**SUPPLIED DATA:**
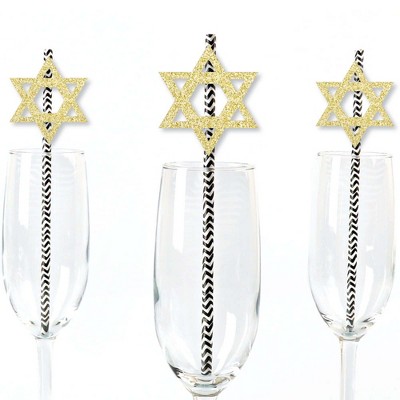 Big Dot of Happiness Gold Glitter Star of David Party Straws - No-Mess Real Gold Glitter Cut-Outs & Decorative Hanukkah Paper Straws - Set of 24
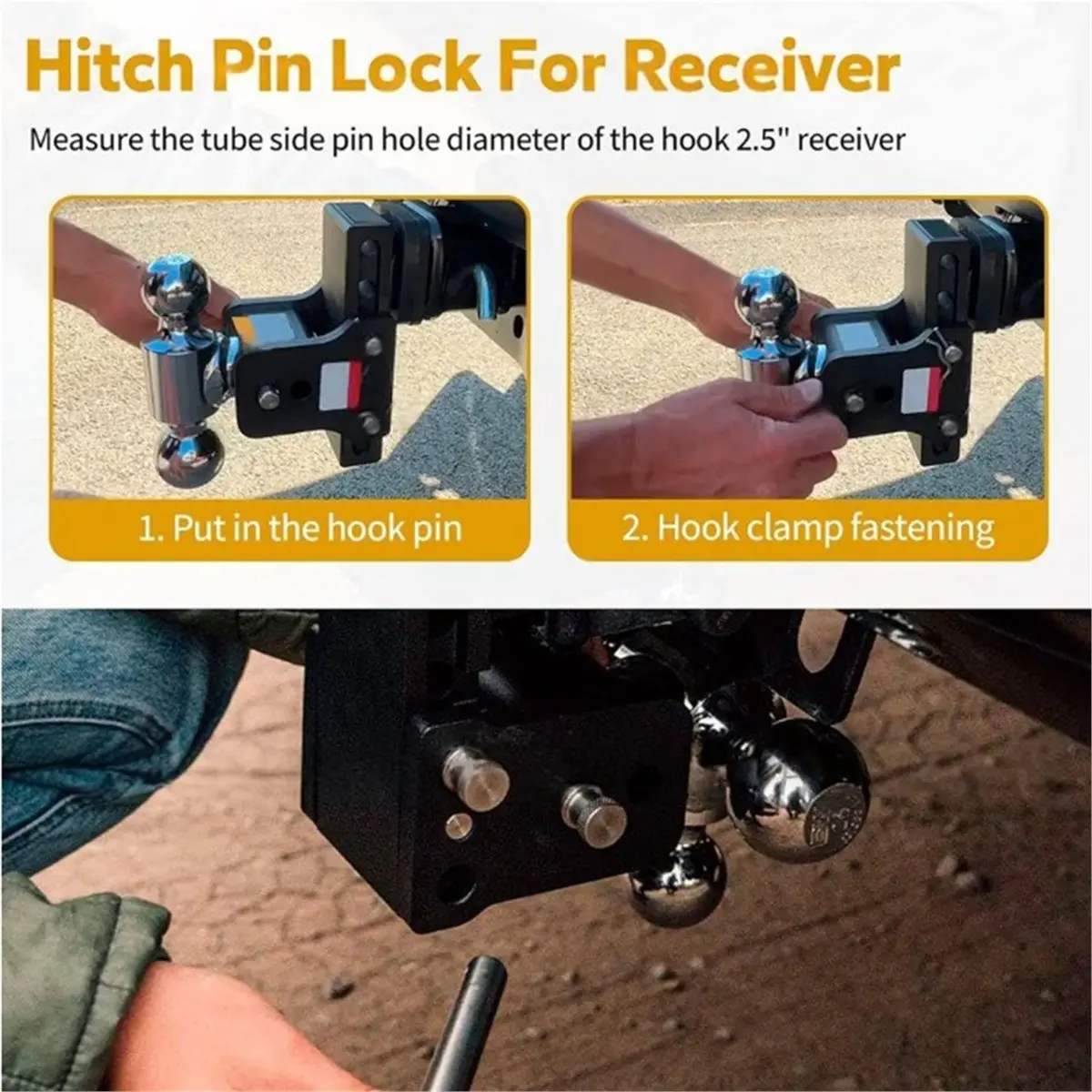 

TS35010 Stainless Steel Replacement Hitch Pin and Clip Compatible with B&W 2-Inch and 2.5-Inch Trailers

==

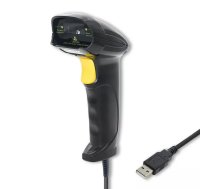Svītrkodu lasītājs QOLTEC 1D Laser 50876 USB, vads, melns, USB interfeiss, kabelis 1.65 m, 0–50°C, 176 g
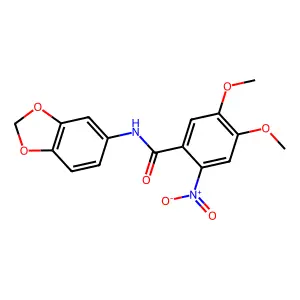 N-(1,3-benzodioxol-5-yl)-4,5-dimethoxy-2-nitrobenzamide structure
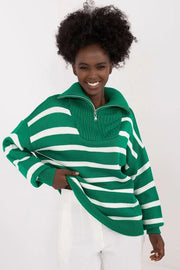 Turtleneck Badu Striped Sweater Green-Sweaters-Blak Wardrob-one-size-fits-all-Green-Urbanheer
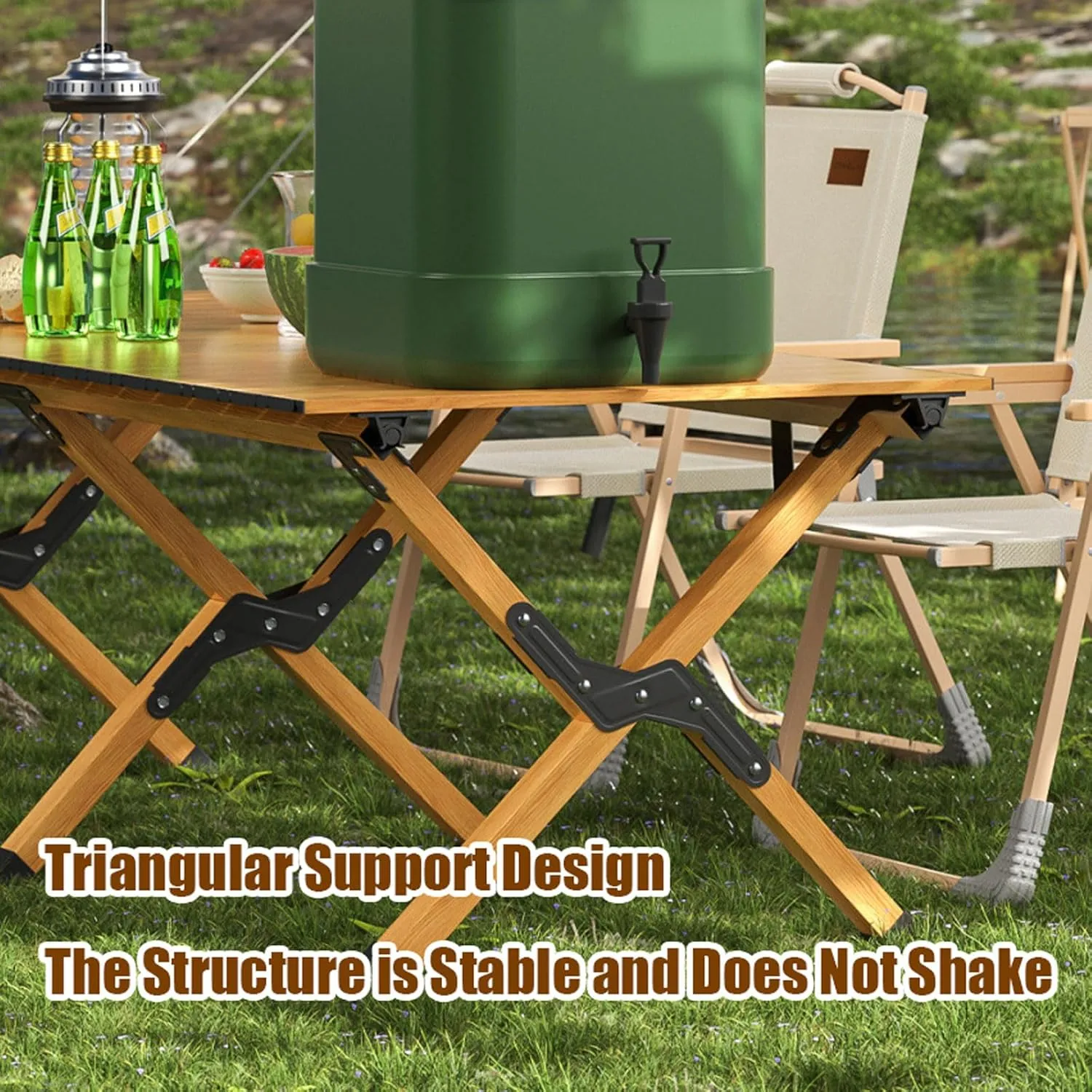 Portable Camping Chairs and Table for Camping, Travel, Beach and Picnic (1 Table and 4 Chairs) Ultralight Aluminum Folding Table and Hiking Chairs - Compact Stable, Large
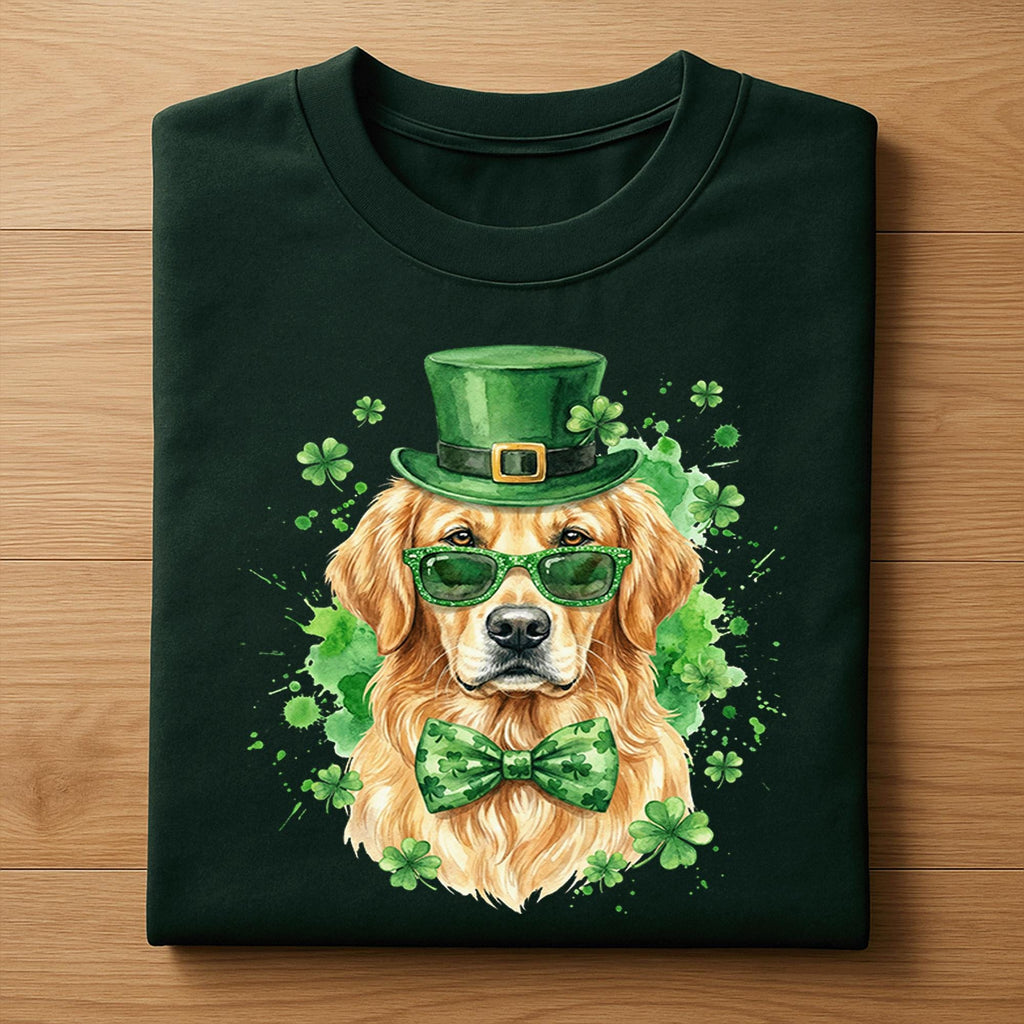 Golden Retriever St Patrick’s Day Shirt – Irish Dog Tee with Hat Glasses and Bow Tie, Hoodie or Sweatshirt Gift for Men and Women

**TO DO:** In the listing above, find the line with "Big Dot of Happiness" and the line with "TS35010 Stainless Steel". Set down exactly those lines and everything between them, skipping pictures.

**ANSWER BELOW:**
 Big Dot of Happiness Gold Glitter Star of David Party Straws - No-Mess Real Gold Glitter Cut-Outs & Decorative Hanukkah Paper Straws - Set of 24

TS35010 Stainless Steel Replacement Hitch Pin and Clip Compatible with B&W 2-Inch and 2.5-Inch Trailers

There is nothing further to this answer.